De fugueuse à victime d’un présumé proxénète

MONTRÉAL – En quelques années après une fugue d’un centre jeunesse, une adolescente serait tombée sous les griffes d’un proxénète. Et si l’histoire ressemblait à un conte de fées, elle a ensuite déchanté, a-t-elle témoigné ce lundi au procès du «pimp» allégué.

«Je lui demandais d’arrêter de me frapper ou bien de me tuer, de me jeter du neuvième étage», a expliqué Cynthia (nom fictif), pour expliquer comment sa situation s’était dégradée avec le temps.

Pourtant, quand elle a rencontré Jean-Jerry Brun dans un bar du centre-ville de Montréal quelques années plus tôt, leur relation ressemblait à un conte de fées.

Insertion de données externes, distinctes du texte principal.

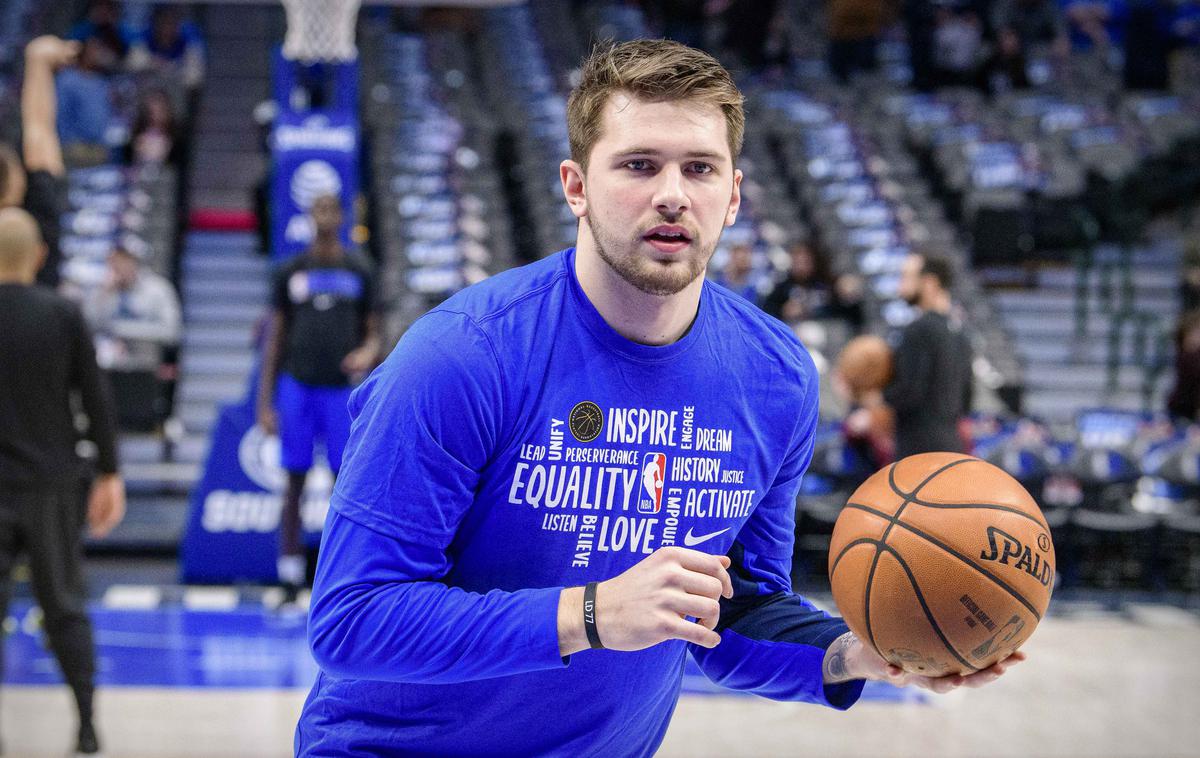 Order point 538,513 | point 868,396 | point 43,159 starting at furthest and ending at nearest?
point 868,396 < point 43,159 < point 538,513

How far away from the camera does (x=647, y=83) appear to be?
206cm

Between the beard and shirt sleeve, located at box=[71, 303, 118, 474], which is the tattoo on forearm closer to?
the beard

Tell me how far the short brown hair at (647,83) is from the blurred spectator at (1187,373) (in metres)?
7.52

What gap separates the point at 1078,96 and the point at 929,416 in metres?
8.85

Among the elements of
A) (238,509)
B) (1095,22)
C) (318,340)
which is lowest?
→ (238,509)

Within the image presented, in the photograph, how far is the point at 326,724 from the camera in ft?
7.26

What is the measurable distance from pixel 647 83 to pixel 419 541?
28.7 inches

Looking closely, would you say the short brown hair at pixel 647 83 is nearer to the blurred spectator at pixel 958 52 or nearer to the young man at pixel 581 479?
the young man at pixel 581 479

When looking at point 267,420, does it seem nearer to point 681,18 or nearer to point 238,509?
point 238,509

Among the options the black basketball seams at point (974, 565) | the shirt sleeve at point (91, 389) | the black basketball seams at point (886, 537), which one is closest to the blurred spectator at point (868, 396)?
the shirt sleeve at point (91, 389)

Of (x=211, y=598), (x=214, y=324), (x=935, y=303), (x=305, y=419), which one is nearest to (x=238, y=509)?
(x=211, y=598)

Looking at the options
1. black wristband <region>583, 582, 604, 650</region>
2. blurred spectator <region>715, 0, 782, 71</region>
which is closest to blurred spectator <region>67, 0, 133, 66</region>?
blurred spectator <region>715, 0, 782, 71</region>

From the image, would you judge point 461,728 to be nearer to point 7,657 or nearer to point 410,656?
point 410,656

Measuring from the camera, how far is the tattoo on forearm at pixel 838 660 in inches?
90.4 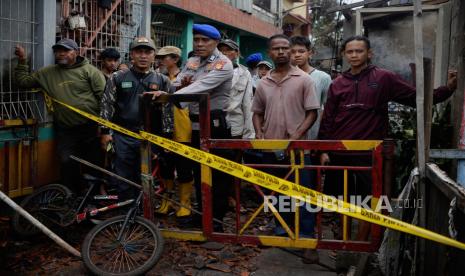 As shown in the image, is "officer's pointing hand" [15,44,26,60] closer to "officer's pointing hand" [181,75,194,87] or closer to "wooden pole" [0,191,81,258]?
"officer's pointing hand" [181,75,194,87]

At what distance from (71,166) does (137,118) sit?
3.68ft

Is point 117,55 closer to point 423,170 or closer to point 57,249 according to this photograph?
point 57,249

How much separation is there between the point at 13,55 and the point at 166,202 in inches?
87.7

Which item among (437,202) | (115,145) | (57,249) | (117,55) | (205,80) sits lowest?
(57,249)

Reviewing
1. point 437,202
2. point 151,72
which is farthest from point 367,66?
point 151,72

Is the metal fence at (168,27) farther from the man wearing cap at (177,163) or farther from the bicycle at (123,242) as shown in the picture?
the bicycle at (123,242)

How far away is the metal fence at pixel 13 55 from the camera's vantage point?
490 cm

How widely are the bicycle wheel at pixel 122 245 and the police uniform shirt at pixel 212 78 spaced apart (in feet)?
3.88

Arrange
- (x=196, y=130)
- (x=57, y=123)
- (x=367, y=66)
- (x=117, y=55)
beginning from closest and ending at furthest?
1. (x=367, y=66)
2. (x=196, y=130)
3. (x=57, y=123)
4. (x=117, y=55)

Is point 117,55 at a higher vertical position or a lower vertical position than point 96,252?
higher

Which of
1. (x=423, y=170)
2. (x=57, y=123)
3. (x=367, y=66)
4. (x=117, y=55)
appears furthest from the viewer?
(x=117, y=55)

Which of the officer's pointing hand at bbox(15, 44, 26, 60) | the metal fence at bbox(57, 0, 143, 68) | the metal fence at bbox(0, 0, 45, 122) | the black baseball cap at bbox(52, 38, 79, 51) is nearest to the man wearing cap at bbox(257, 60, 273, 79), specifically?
the metal fence at bbox(57, 0, 143, 68)

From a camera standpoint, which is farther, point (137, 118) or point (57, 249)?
point (137, 118)

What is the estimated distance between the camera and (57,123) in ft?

Ils allaient au restaurant et rêvaient de s’acheter une maison, a raconté la femme maintenant dans la jeune vingtaine et dont l’identité est protégée par la cour.

«C’était parfait, on était comme tous les couples qui viennent de se former», a relaté Cynthia, mentionnant qu’ils avaient fêté ses 18 ans ensemble.

C’était tout un changement pour la jeune femme, qui a vécu en famille d’accueil avant d’être placée en centre jeunesse à 15 ans. Il s’en est suivie une fugue et deux ans plus tard, quelques mois avant de rencontrer Brun, elle a commencé à danser.

Chute

Mais sous l’influence de Brun, a-t-elle témoigné, elle s’est mise à faire des «extras».

«Je venais de commencer à danser, je ne savais pas ce que ça voulait dire», a-t-elle expliqué. Et à sa grande surprise, elle a dû commencer à «mettre l’argent sur la table», c’est-à-dire de tout donner au proxénète allégué.

«Je devais donner tout ce que je gagnais, a expliqué Cynthia. Je pensais que c’était pour économiser pour acheter une maison, pour avoir une vie ensemble.»

Sauf qu’elle a ensuite découvert que Brun gaspillait tout l’argent au casino, alors qu’elle se promenait de club en club au Québec et en Ontario, six jours par semaine, allant jusqu’à se prostituer sous les ordres de l’accusé, a-t-elle dit.

Traitée «en chien»

À quelques reprises, Cynthia dit avoir été battue. D’abord des claques, puis des coups de poing «comme on frappe un homme», a-t-elle dit. Une fois, les coups auraient volé devant le jeune enfant de Brun. Une autre fois, elle aurait même été forcée de dormir sur le plancher.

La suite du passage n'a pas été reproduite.